Photo by jules:stonesoup.
Everyone knows ... that you should make your bed
Everyone knows ... that you should wash chicken before you cook it
Everyone knows ... that mayonnaise goes bad quickly
Everyone knows ... that what we used to know is wrong, but what we know now is correct.
People are often wrong. Experts are only as good as their knowledge, observations and ability to interpret what they see. In the three cases above, studies and new thinking have replaced "what everyone knows" with new knowledge — and they're all false.
While making your bed may seem tidy, it's been known by scientists for years that making your bed increases the growth of mites. During the night, you sweat and that moisture is absorbed by the bed. In turn this moisture provides a hospitable environment for the mites who breed and multiply as they feed on your dead skin cells. If their concentrations get too high, you may experience itchiness or other symptoms from their excrement. For the best results, don't make your bed, which helps it dry out during the day.
As for chicken, it's also been known for years that washing raw chicken increases the likelihood of food poisoning. Why? Because chicken meat and skin are often covered with harmful pathogens. While cooking the chicken kills these pathogens, washing the chicken just spreads them around to the sink, counter, cutting board... and your hands. It's far better to handle the chicken as little as possible and then wash your hands and anything else that has come into contact with the chicken.
And if you're choosing to make chicken salad out of that chicken, know that mayonnaise is a preservative, not something that makes the chicken go bad faster. Mayonnaise has a pH of 3.7, which is acidic enough to retard the growth of most bacteria. That doesn't mean food should be left out – bacteria will grow eventually. Just know that if you get sick, it was likely the chicken's fault rather than the mayo.
Don't believe me? See what Google says. And see what we've known for years.

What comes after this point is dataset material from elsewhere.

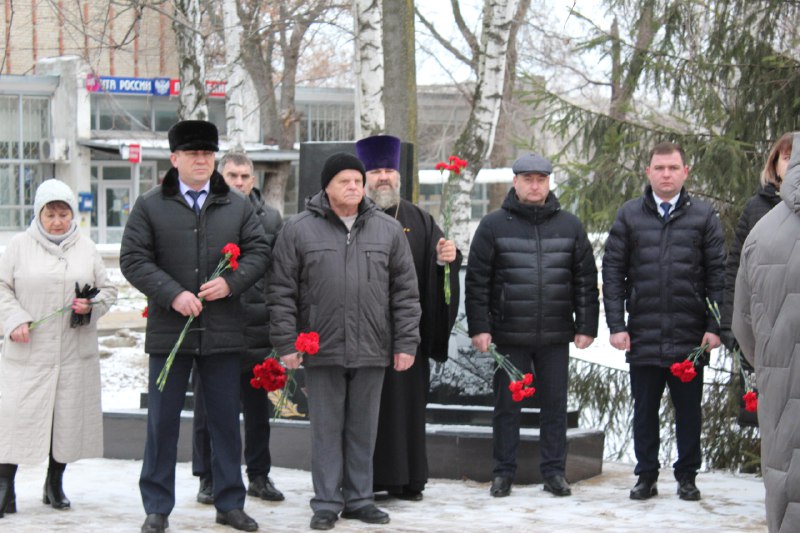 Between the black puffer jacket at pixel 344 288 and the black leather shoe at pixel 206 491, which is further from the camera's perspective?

Except that we haven't, have we? I'll wager that many of you believed some if not all of these pieces of wisdom. The fact that they're "time-honoured" and dare I say "ancient wisdom" has no bearing on the fact that according to the best information we have available today, they're all false.
Yet many would claim that we not update what we "know" based on new information. Purveyors of "ancient arts" like homeopathy, Ayurveda, bloodletting, the four humors, acupuncture and phrenology fail to embrace this idea.
Science is not about what we know, but about how we know. And we know that as we gather more information, we'll have a more accurate view of the way the world works.
And that means... I don't have to make my bed anymore. Yay science!
Jeff Wagg is a communications and outreach coordinator for the James Randi Educational Foundation. The foundation's main line of work lies in questioning supernatural and paranormal activity, but this essay, we thought, spoke to the wider idea of questioning what "you know".